President John Taylor foresaw this atmosphere. Discussing the Sunday Schools in October 1877, the First Presidency made the following statement:

The “Mormon” Church will have a music of its own, of the Hebraic order, and inspired with prophetic themes, and hence, like as in the Catholic Church, it will be universally cultivated as the highest branch of art, and in this in time will give birth among our people to great singers and great composers.1

This vision of John Taylor is now being fulfilled, but there are many things we must do and guard against. First, we must train ourselves to be outstanding musicians and artists. There is no substitute for hard work and labor. We must train our technical facilities to be competitive with musicians everywhere in the world. There are teachers who will help and guide you in your endeavor, but the most significant preparation you will ever do will be in the privacy of your own practice room and study.

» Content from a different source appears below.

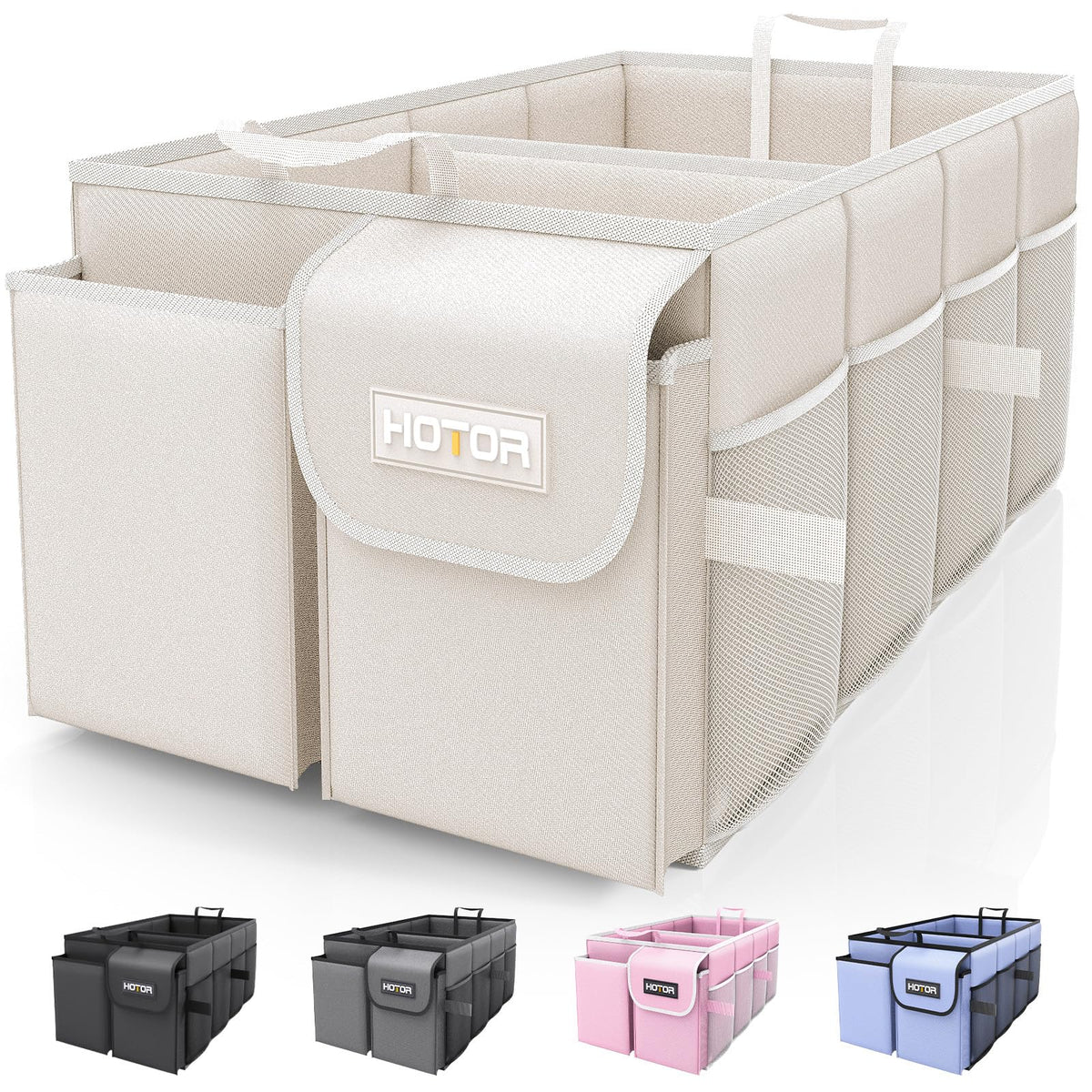 HOTOR Trunk Organizer - Foldable Car Organizer for SUVs & Sedans Storage Jansha Store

There are no free gifts when it comes to preparation. We can only become true artists when we are prepared in every way to create great works. Singing the “song of the heart” without the ability to be artistic, creates work that is sentimental, trite, and trivial. Such works are around us all the time, and they will fall back into the same obscurity in which they were created. Mediocre art is insignificant and will never last. Great art is born out of keen preparation and hard work. In the scriptures it says, “Be not idle but labor with your might” (D&C 75:3) that ye may have “great joy in the fruit of [your] labors” (Alma 36:25).

Secondly, we must live close to our Father in Heaven, keep his commandments, and serve him with our heart and soul. I feel that the fourth section of the Doctrine and Covenants applies not only to missionary work, but also to us who are striving to become musicians. Listen to these words and compare them to the vision of President John Taylor:

For behold the field is white already to harvest; and lo, he that thrusteth in his sickle with his might, the same layeth up in store that he perisheth not, but bringeth salvation to his soul; And faith, hope, charity and love, with an eye single to the glory of God, qualify him for the work. Remember faith, virtue, knowledge, temperance, patience, brotherly kindness, godliness, charity, humility, diligence. Ask, and ye shall receive; knock, and it shall be opened unto you. (D&C 4:4–7)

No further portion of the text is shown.